With millions of developers around the world working on the internet every day it should be no surprise that the internet is evolving. Many of the website problems of just a few years ago have been solved. Now a person who has very little experience with the web can envision, design and create a website with text pictures and video. That is something that an expert would have spent weeks on a few years ago.
But the problems aren’t gone. They have just moved up a couple levels. Instead of worrying about getting tables and fonts to line up correctly with pictures and the safest way to post regular updates or connect to a database, we have to consider how often our site is searched and what conclusions the search engine might make about the purpose and intent of our site. If a user searches “hard candy” should a candy maker be listed above a candy store? Much of that is determined by the arrangement of the site, or of the site’s content.
A CMS system is the logical progression from low-level website implementation concerns to higher level content and concept management.
- Reduced customer interaction cycle time. If the loop from customer-having-an-issue to customer-issue-solved is shortened customer satisfaction goes up drastically. If you can shorten this cycle with very little cost, you both win. Picture a customer who used to have to call in and wait for a call back from a specialist who now can see the solution posted on the site by the decision maker. Does she look happy?
- Decision makers post data, not technicians. There is something nice and comforting and efficient about having the person who is in charge of the timing, sense, wording and look of a post be able to actually post the data. There is no middle-man converting your post into HTML. Modern CMS tools are advanced enough that managers and non-technical people think they are as easy as Word, or easier. With web 2.0 you don’t have to draft your content in one program and then have someone squeeze it into a website. You just hit send.
- Technicians aren’t posting your data. That means they can be doing something else. Most programmers and IT types have long lists of to-do’s that effect the efficiency of your whole system. The more time they can spend on building, improving and optimizing your system, the faster your company moves into the future. They really don’t need to be interrupted to do a rush post of the latest press release.

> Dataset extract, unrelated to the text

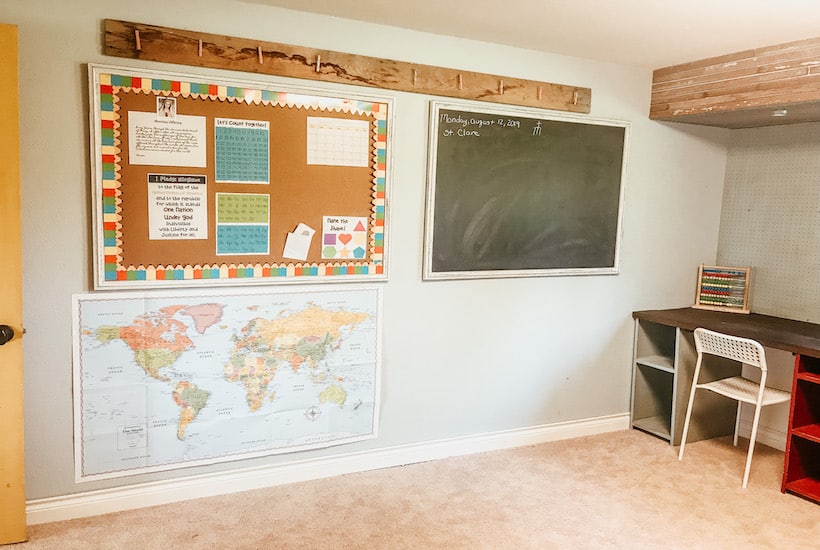 chalkboard and map wall in homeschool classroom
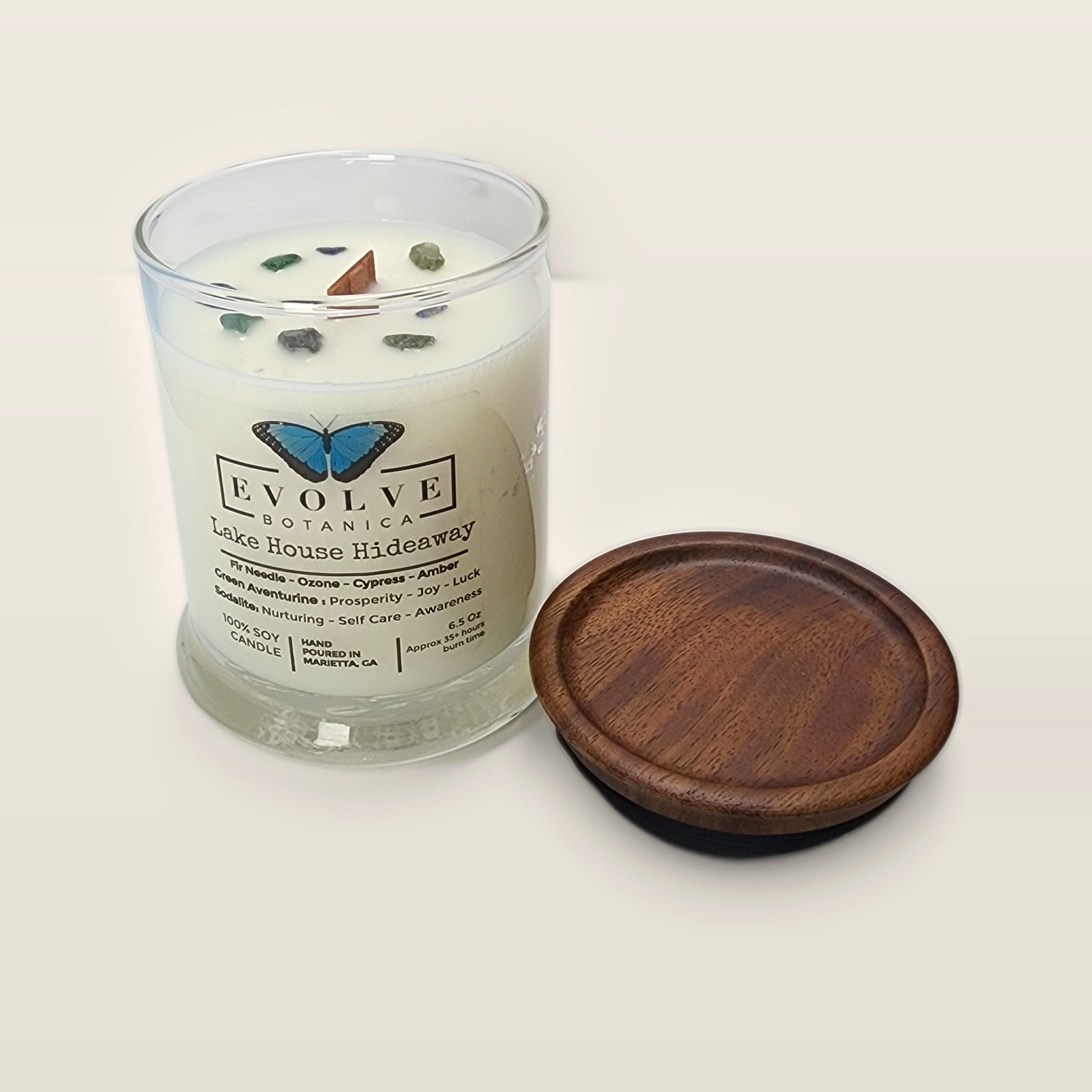 Evolve Botanica Lake House Hideaway 6.5 oz soy sipper candle open with wood lid and crystals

- Improves data integration. Relational databases are great, but it is many web technologies that are improving data integration and data fusion. Web search tools find data relationships that would take weeks using standard database searches. Wiki’s and free or cheap search technologies can help you find data items or files almost instantly. They can do it over and over again. Wiki’s or other “loosely coupled” data structures are also about a thousand times easier to set up or to modify.
- It’s what everyone else is doing. This is not merely a call to follow the pack. It has more of the sense that, “everything is moving to the internet” or “everyone is starting to use cell phones” over a decade ago. The more people using similar systems, the more integrated you will be. Your clients are using CMS. Your vendors are using CMS, or they will be. It also means that this is where developers are developing. New products are coming out every day, some of them free, most of them cheap. Many tools even have videos telling you exactly what to do and where to click.
There are many free or cheap CMS’s to choose from. The best way to pick one is to choose the smallest one that has everything you will need to use for the next six months. If you are only going to be blogging and keeping a few lists Wordpress should be fine. If you know you want group calendars or data integration within the next 6 months choose Joomla or Drupal or another more full-featured CMS. Download the trial and give it a try.